“Donde está su tesoro,
allí estará también su corazón.”
Iº lectura: Sb 18,
6-9; Salmo: 32; IIº
lectura: Hb 11, 1-2.8-9; Evangelio: Lc 12,
32-48
Jesús,
en esta oportunidad, nos hace una aclaración muy importante y fundamental para
nuestro itinerario espiritual: ¿dónde está nuestro corazón? ¿cuáles
son nuestras riquezas? En la actualidad es evidente el modo superficial
con el cual se desempeñan algunas actitudes del hombre. La mayoría de
situaciones son la certeza de la carencia de convicción y de fe en Dios. La
vida cotidiana es muestra de la necesidad que tenemos del creador; la fe es la
que nos mueve, la fe es el aire que nos permite respirar el amor de Dios.
“La
fe es garantía de las cosas que se esperan” (Heb 11,1); esa fe que mueve
montañas, esa fe que permite ver y sentir la insondable e infinita grandeza de
la salvación de Dios para con nosotros; esa misma fe en diversas ocasiones es
dejada de lado o simplemente se ignora, o se usa como una especie de “amuleto” no
siendo ésta la manera de vivir en Dios, ni el modo en el que debemos tratar y
hacer vivir nuestro corazón.
“NO
TENGAN MIEDO…”
El
miedo no es sólo un visitante o un huésped: se ha convertido en muchos momentos
en “parte esencial” de la vida de la mayoría de personas. Se vive con miedo, se
vive en el miedo, se vive por el miedo. Es tangible el modo en el que se busca
la grandeza, los poderes, los honores. Dios desde nuestro corazón nos observa,
nos interpela y a la vez, nos respeta y es necesario considerar la eficacia del
amor de Dios, el alcance de su misericordia y el significado de su perdón.
El Señor
no nos amenaza, no nos está advirtiendo de manera negativa, está actuando con
amor cuando nos dice que no tengamos miedo, que estemos preparados. En esta
perspectiva, hay dos aspectos fundamentales: la libertad y la obediencia. Somos
libres para escoger y si vivimos el amor de Dios, es nuestro deber, obedecer.
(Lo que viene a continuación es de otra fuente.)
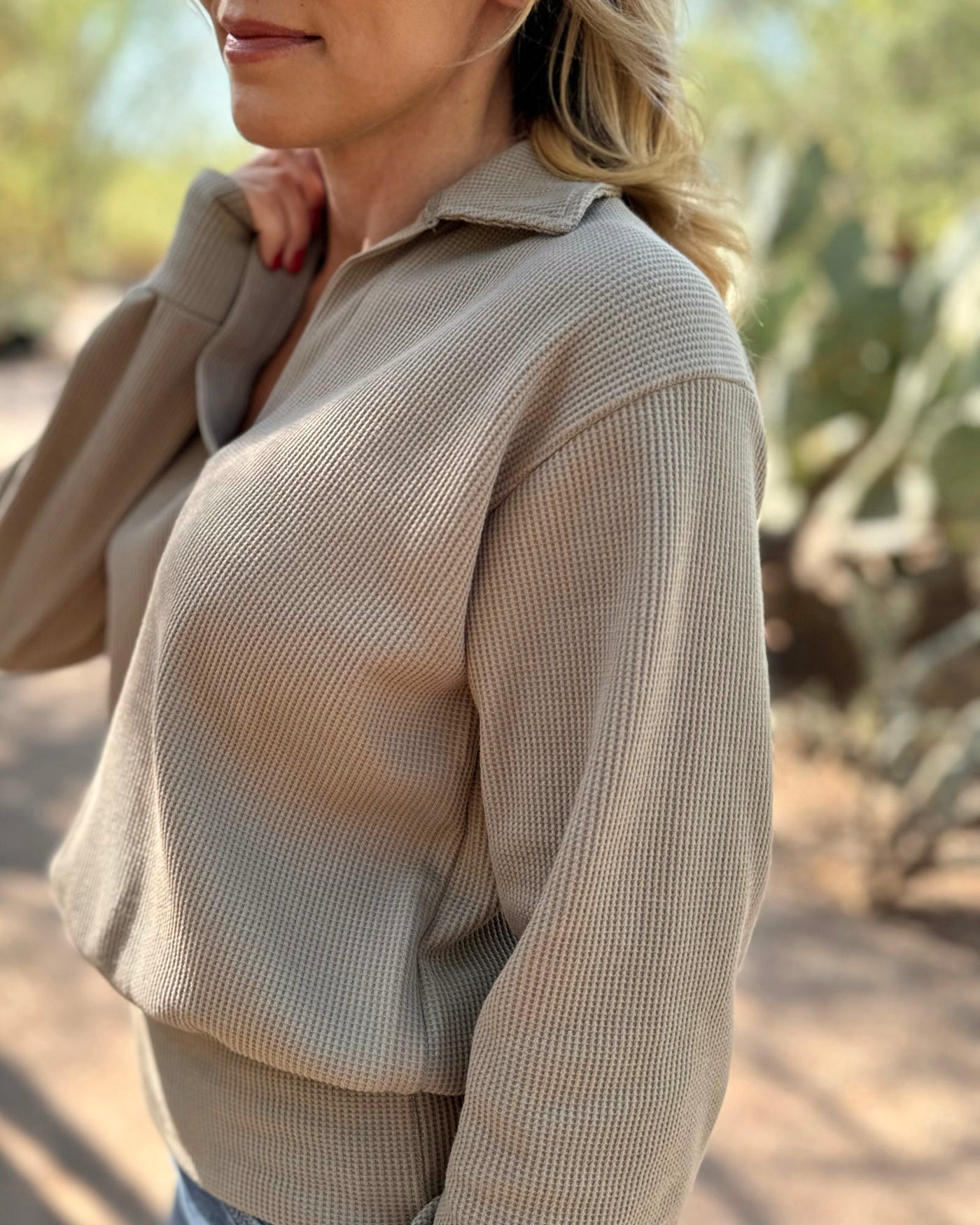 SEDONA waffle knit top in Taupe Grey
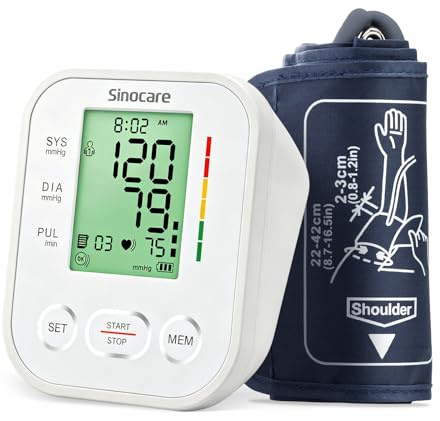 Sinocare Tensiomètre de bras automatique Écran LCD géant，Blanc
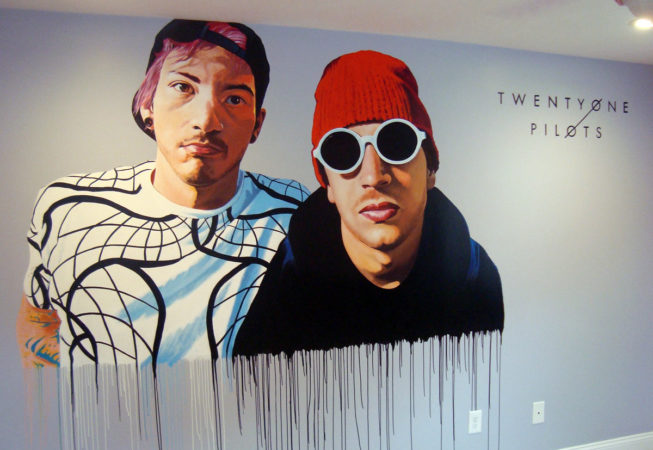 Twenty One Pilots Bedroom Mural, 7′ x 5′, 2017, by Artist Charles C. Clear III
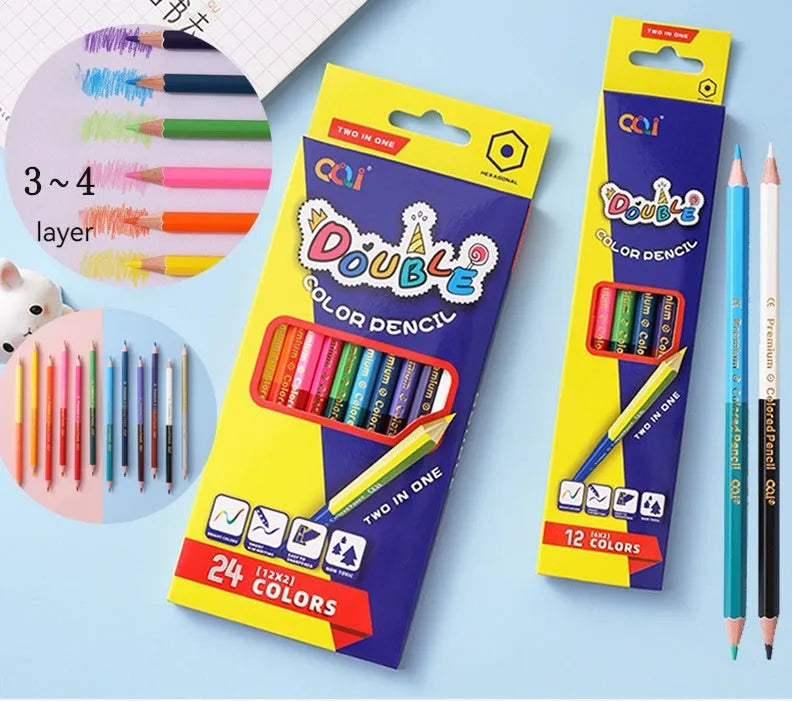 Set of wooden colour pencils showing double-headed brush and colour lead tips, available in 6 or 12 piece packs.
Caminar con Dios es sentir la fuerza para vivir sin temores humanos, sin miedo,
sin inhibiciones.
CONFIEMOS
EN JESÚS Y MARÍA
Pidamos
a Dios nos ilumine para reconocerle en la vida cotidiana y sobre
todo en los necesitados, en el prójimo. Que Él fortalezca nuestra esperanza en
el futuro de la humanidad para que no desfallezcan la fe y el amor, a fin de
que nuestra vida se apoye en valores permanentes y no sólo en los bienes
materiales, bienes tal vez necesarios, pero que no son el centro total de la
vida, como muchos creen.
Nuestra
Madre del Cielo, María de la Consolación, guíe nuestros corazones para entender
y sentir como ella a Jesús, el del rostro sereno, el gran tesoro de nuestra
existencia, para vivir plenamente como discípulos y misioneros. Así sea.